Fabs switched because DRAM was too long too cheap and drove the manufacturers to either change production or face bankruptcy. Some where big enough to do both, and those where who stayed. At the time where they did the switch, NAND Flash was still very new and expensive, so for those who couldn't live from their DRAMs anymore it was a pretty easy way out as they didn't need to change much in terms of machinery. When the market then exploded, there where simply not enough manufacturers left in that domain, and having the biggest DRAM fab in south east asia being totally flooded (as in submerged under several meters of rainwater) when the demand started to rise again didn't help matters, either. There is no artificial demand inflation, just the fact that demand was much lower a couple of years ago - too low to feed all the producers at the time.

If NAND really will get oversupplied, then we will have a reversal of the situation pre-2015, where DRAM was oversupplied and NAND in short supply. This might incite the same movement like it did back then, just from NAND to DRAM this time around.

I have to disagree.
Hence the DRAM price fixing debacle.
https://en.wikipedia.org/wiki/DRAM_price_fixing

Right now manufacturers are playing the supply game, switching between NAND and DRAM to maximize profits.
They also try to ramp up production of a certain technology when something like the next iPhone/Samsung drops, which has a flow on effect to other markets.

You are aware that that happened over 15 years ago?

When the prices where so low in the early 2010s, it was almost impossible for those companies to survive, the market was oversaturated. Let's look at the list of manufacturers that got into the DRAM price fixing and what they are doing now, shall we? Infineon? Left the market entirely and produces mainly microcontrollers and power controller chips nowadays. Elpida? Went bankrupt in 2012 because they where solely producing DRAM chips and those had almost no margins back then. Aquired by Micron, the next one on our list. Makes DRAM, NAND and NOR Flash Memory. This broad listing is why they survived. Most of their production is still DRAM, and their most modern Fabs exclusively produce DRAM. Hynix? Got auctioned for 3 Billions in 2010 and saved when SK Group bought a large part of the company, hence why it's called SK Hynix now. The other ones who still do DRAM today are Samsung and Toshiba, to big Corporations, and Sandisk, who survived mainly because of HDD market.

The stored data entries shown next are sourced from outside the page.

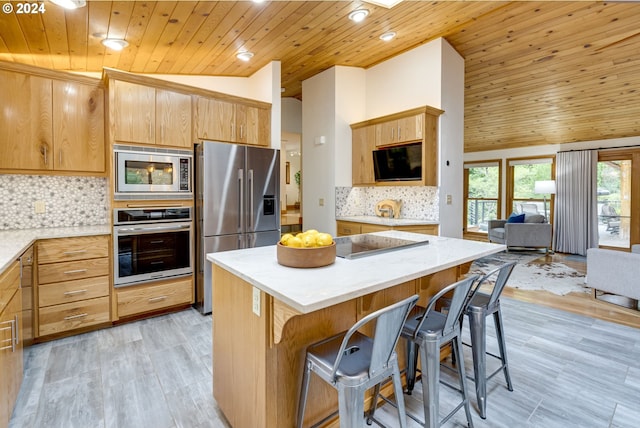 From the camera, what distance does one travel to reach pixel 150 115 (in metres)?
3.21

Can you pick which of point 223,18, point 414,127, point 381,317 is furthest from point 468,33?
point 381,317

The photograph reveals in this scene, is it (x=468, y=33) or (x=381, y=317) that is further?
(x=468, y=33)

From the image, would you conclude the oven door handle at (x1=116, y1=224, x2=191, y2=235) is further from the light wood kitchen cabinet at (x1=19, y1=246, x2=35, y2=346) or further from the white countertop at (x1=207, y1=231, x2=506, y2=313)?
the white countertop at (x1=207, y1=231, x2=506, y2=313)

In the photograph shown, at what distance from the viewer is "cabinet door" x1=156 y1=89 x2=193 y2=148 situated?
3275mm

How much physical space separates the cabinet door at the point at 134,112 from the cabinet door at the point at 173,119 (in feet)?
0.18

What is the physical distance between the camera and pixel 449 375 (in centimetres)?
231

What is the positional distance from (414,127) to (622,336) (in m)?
2.88

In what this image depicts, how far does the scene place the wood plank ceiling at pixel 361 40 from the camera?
272 centimetres

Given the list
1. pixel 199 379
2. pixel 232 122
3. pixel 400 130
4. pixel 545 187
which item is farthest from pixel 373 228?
pixel 545 187

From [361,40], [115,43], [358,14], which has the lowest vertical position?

tl;dr: DRAM wasn't enough to survive during the 2009-2015 era where prices were so low that they didn't have much margin anymore.

However checking the Semiconductor Fab lists of some companies, it doesn't seem like the production is going to be expanded, SK Hynix is building 3 Fabs, but all for NAND Flash. TSMC is building 3 new Fabs, but I have no idea what will be produced there in the end, it could be anything with them. Samsung at least is building a Fab for both DRAM and VNAND. So it's quite possible they are not willing to let the prices drop again.